During our trek into the mountains south of San José, as we made the continuous climb on treacherous and narrow roads, my girlfriend said to me, “Vamos a alcanzar al cielo.” This could have meant we were going to reach the sky or could have meant we might end up in heaven. The double meaning was not lost on me as I answered: “I’m pretty sure we’ll get there one way or the other.”
Moving past the center of Aserrí, where old women pushed grocery carts and signs for a local restaurant specializing in chicharrón obstructed the mountain view, our car approached one last climb. Though the Waze app said we were almost at the water park we had decided to go to on a whim, a comically steep hill in front of us was the last thing standing in our way.
I pushed my GeoTracker into drive and tried to get as much momentum as possible as we inched our way up the sheer road. A man coming down with a wagon full of vegetables whistled at me as if he’d never seen someone drive up this way before. Maybe this was a mistake, I thought, as it seemed my car would backflip at any second and tumble down the broken road.
“Reaching el cielo one way or the other,” I said again to my now wide-eyed girlfriend.
When we finally reached flat road at the top, we shared a collective sigh and proceeded to what we thought would be a somewhat large water park with slides and pools and, heck, maybe even one of those lazy rivers that goes around the whole place. We ended up finding nothing of the sort.
(Full disclosure: We were actually going to go to Parque Acuático Villa Fantasía, a water park in Orotina. But when we were leaving our apartment in San José, my Waze map told me this water park in Aserrí would be 30 minutes closer. Sometimes, life continues to teach you, it’s better to stick with the long way.)

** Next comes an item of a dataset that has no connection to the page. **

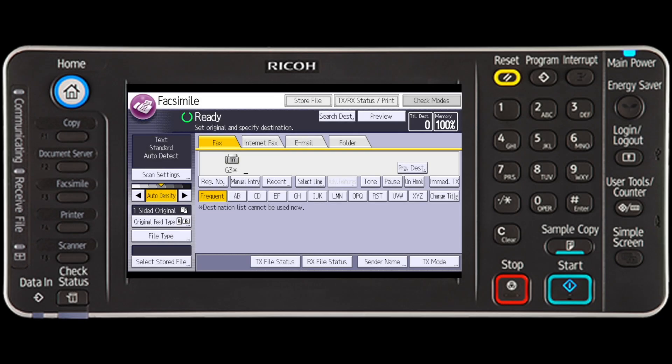This video demonstrates how to use the fax header print function. To use this function, you must pre-register the fax header in Program Fax Information on the Facsimile Features menu. It is important to note that in the USA, the fax header is required to contain the telephone number of the line your machine is connected to. It will be printed on the header of every page you send.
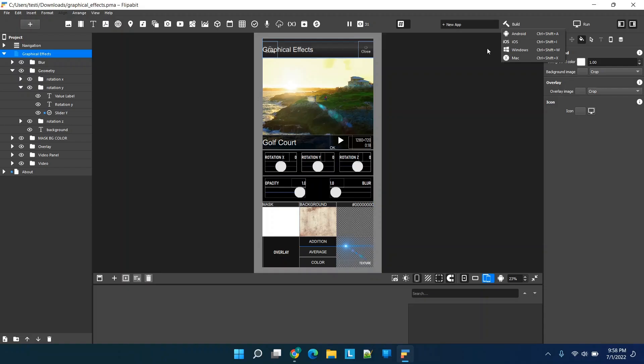Hey everybody, welcome back. For those of you looking to create your own application — whether for Android, iOS, Windows, or Mac — completely free without code, stay tuned. I'm covering Flipabit, which is actually one of two platforms I've been able to find that allow you to make a mobile application for free without code.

When we arrived at the makeshift parking lot at Parque Acuático Los Sueños in Aserrí after the harrowing 30-minute drive south, I realized mine was the only car parked here.
We paid ₡4,000 each for our entrance tickets, and I asked the guy at the front desk how anyone gets to this place. He just laughed and ignored my apparently dumb question. He then pointed us to the two different sides of the “park,” which really just looked like someone’s back yard. There was one side with a “warm pool” and the other with two “cold pools” that each had slides leading into them.
What kept sticking out to me about the place, beyond the shoddiness, was the spectacular view of Aserrí below. The chain of green mountains, though neighboring San José, conspired to block off everything but this sun-splashed valley in front of our eyes.
Like the scary but scenic drive, this view possessed that power so emblematic of Costa Rica that can make you feel as if you have just woken up in a fairy tale.
To cool off from the surprisingly sunny day in October at the height of rainy season, we jumped into the “warm pool,” which felt like a relatively cold pool. After some time, we went over to try the slides in the “cold pools” and when I got to the top of the first slide, I was hit with the split emotion of wanting to laugh out loud and wanting to shriek in fear.
There were red smears on the concrete atop the first slide, which was essentially a descending line of bath tile with rock barriers and water running out of a hole at the top to make this thing slidable. I don’t know if the red smears were blood, but I can say for sure that after I went down this supremely precarious contraption, I was bleeding.
My girlfriend came racing down behind me on the slide, crashing into me and laughing hysterically. I told her that was the scariest thing I’d ever done, and that was just a few minutes after the previous scariest thing I had ever done by taking my car up the steepest incline it’s ever climbed. We shrugged and laughed a little before getting our things and leaving early. We didn’t even bother with the second slide since the dirty pool looked like it legitimately could have had a swamp monster living in it.
I said my final words to my girlfriend, shot down the slide much faster than I was expecting and ended up being thrown into a frigid pool three feet deep that felt like it had literally just been melted out of ice. I cracked my finger on the concrete bottom, which is how I started bleeding.
Though this may sound like an anti-travel travel story, my point in retelling this strange journey is to actually encourage people to get out and go places they’ve never been or even heard of in Costa Rica.
I can’t really recommend this water park. But Costa Rica seems to always have this awesome dichotomy of beautiful scenery to go with the experience of one of those strange or trying days that seem like they can only happen here.
Whether it be the landmark directions on the way there, the incredible hillside homes slicing through green mountains, or the shoddy infrastructure among all of it, Costa Rica always makes you feel like you’re on some great adventure.
One way or the other, you’ll get there.